Pudieron más el tesón, el sacrificio y las habilidades, casi de entidad genética de los productores argentinos como en el caso de nuestros futbolistas, para sobreponerse a tal cúmulo de adversidades orquestadas desde el Estado. Hasta debieron pasar por los años inexplicables en que el peronismo ungió, en los setenta, a un ministro de Economía que murió en el exilio sin haber renunciado a su afiliación secreta al Partido Comunista: José Gelbard.
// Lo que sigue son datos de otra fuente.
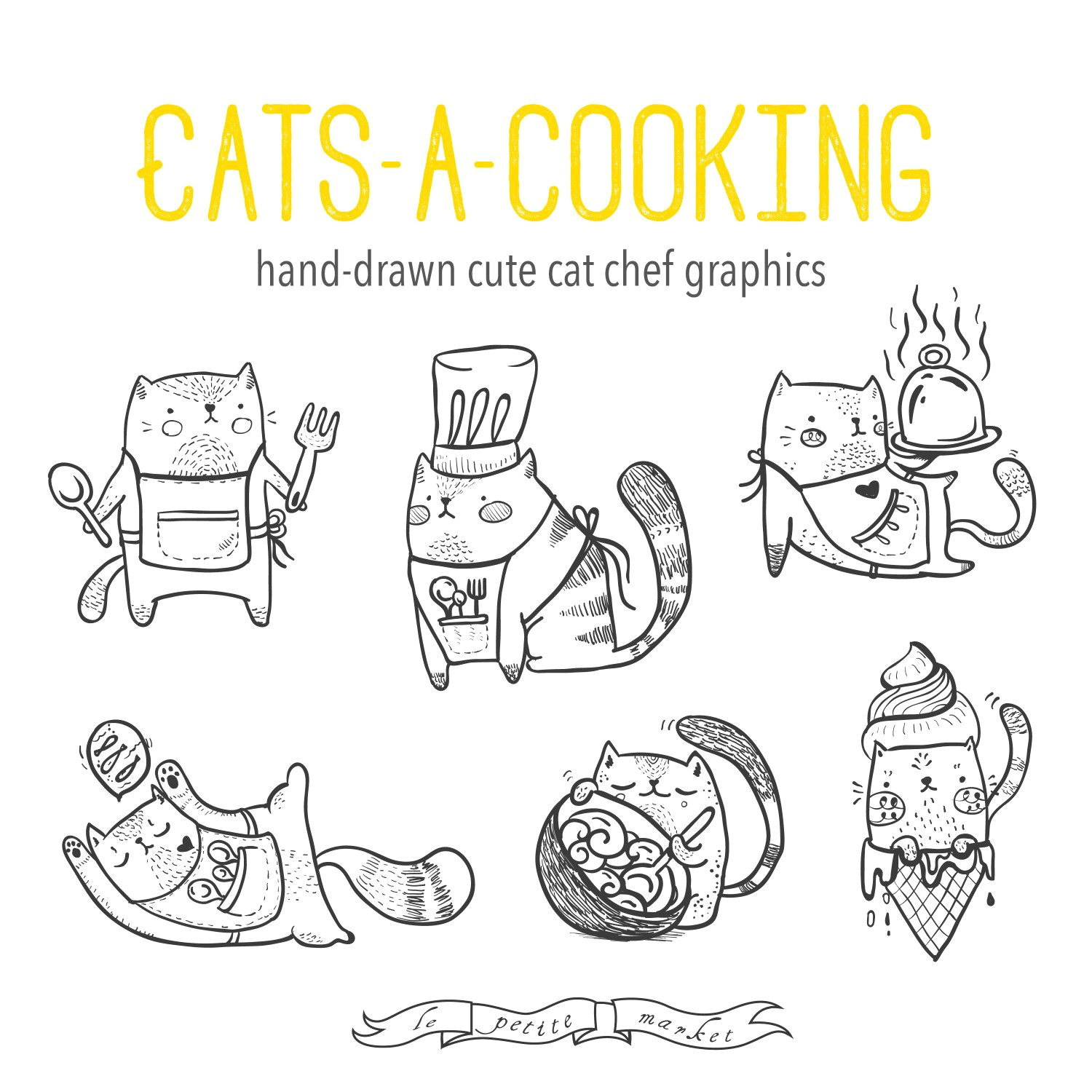 Hand Drawing Of A Cat Hand Drawn Cute Cats Cooking Baking Adorable Kitten Clip Art Baking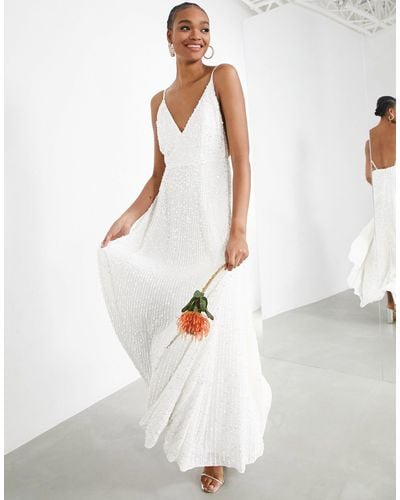 ASOS Josie Embellished Cami Maxi Wedding Dress - White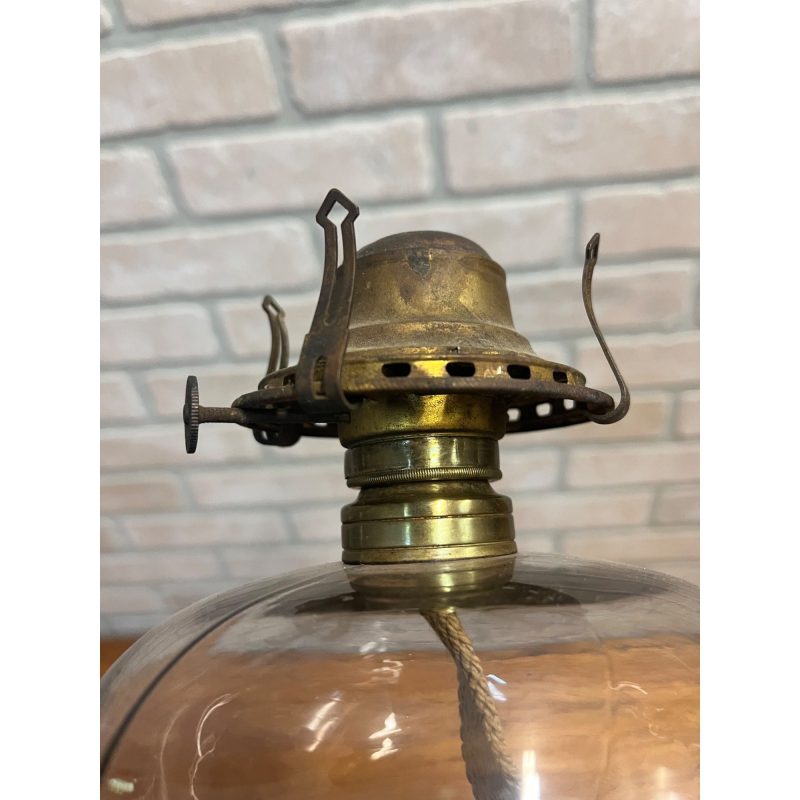 Antique 19th Century Victorian Milk Glass Pedestal Oil Lamp 1886 Queen Anne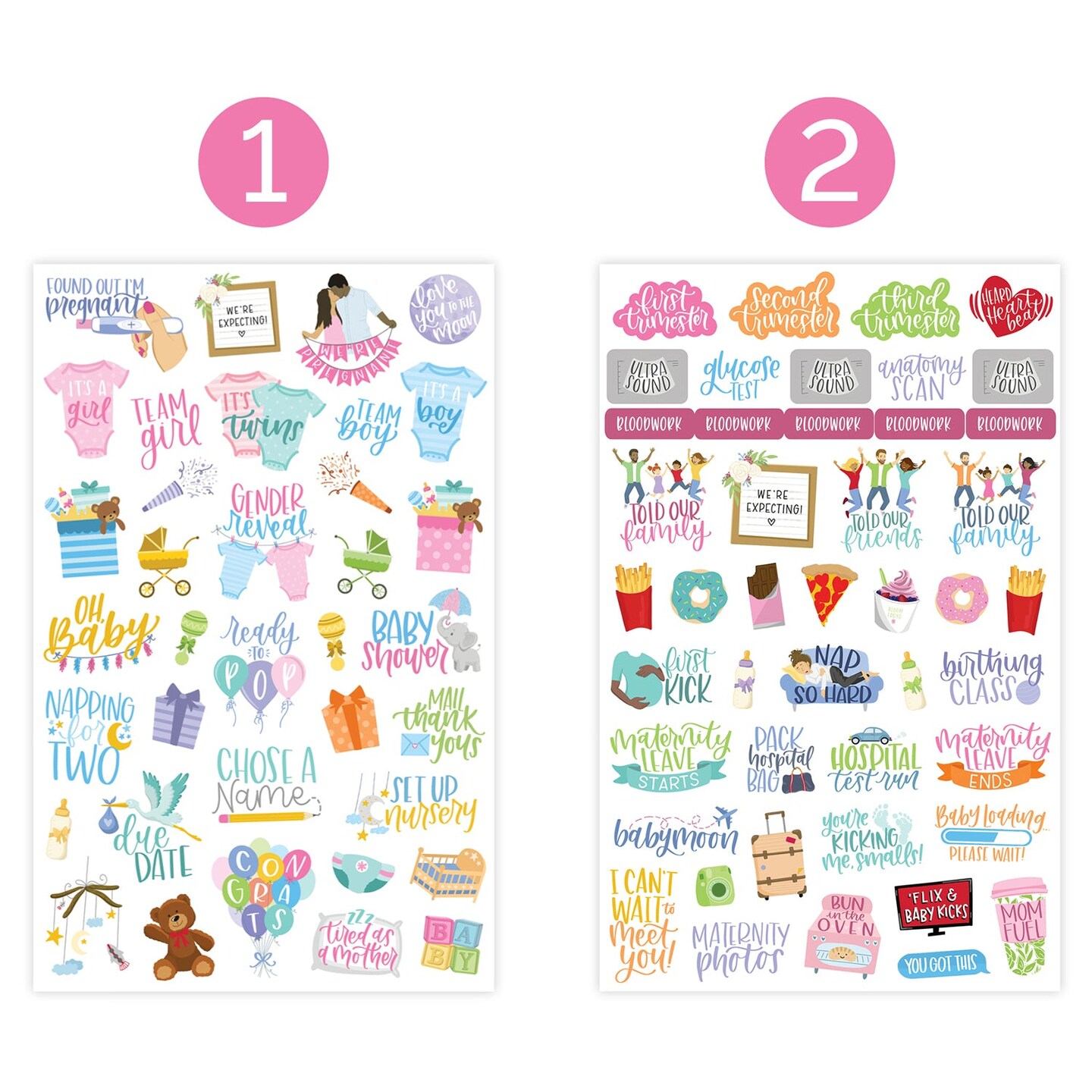 bloom daily planners Sticker Sheets, Pregnancy & Baby's First Year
La evolución del campo argentino desde los años ochenta ha sido admirable y destacada como tal en todo el mundo, al igual que la de sus asociados de la industria de la maquinaria agrícola. Ha llegado a posicionarse como el sector con más alto índice de productividad de la economía nacional. Como si no bastara para el Estado con medrar arbitrariamente de la fecundidad de sus innovaciones con impuestos de los que están liberados otros ámbitos productivos, el campo ha debido soportar desde fines de 2019 amenazas y normas del siguiente tenor, cuya mención es solo ejemplificativa: aumento de retenciones; depreciación de las exportaciones, por un dólar tan irreal como muchas de las tarifas de los servicios públicos; ocupación ilegal de tierras; ley sobre incendio de suelos patrocinada por el diputado Máximo Kirchner, que traba la libre disponibilidad hasta por 60 años, incluso cuando los propietarios hayan sido víctimas de hechos dolosos; suspensión de exportaciones de maíz, ahora derogada; proyecto de una senadora oficialista de recreación de la Junta Nacional de Granos, elefante burocrático que nada provechoso tendría para hacer en relación con el interés general; intento del Poder Ejecutivo de intervenir en el caso Vicentin pese a encontrarse bajo resolución judicial.
En lugar de agredir al campo, el gobierno debiera agradecerle las permanentes contribuciones a la riqueza y desarrollo nacionales, comenzando por la generación de alimentos, que alcanzan para no menos de cuatro poblaciones como la Argentina, y por exportaciones sin las cuales sería imposible abastecerse de insumos de toda índole en el exterior.
A estas alturas, los infortunios sufridos por el país a raíz del fracaso continuado de las políticas populistas, encarnizadas en particular contra el quehacer agropecuario, tendrían que haber despertado al fin algún grado de sensatez entre sus dirigentes.
¿No era que "la única verdad es la realidad", como decía el último Perón, arropándose en un apotegma de la Grecia clásica, cuando estaba de vuelta de una larga vida y arremetía contra la "juventud maravillosa", tan enamorada entonces de la caduca revolución cubana como puede estarlo hoy, ya encanecida, de la satrapía que consume a Venezuela?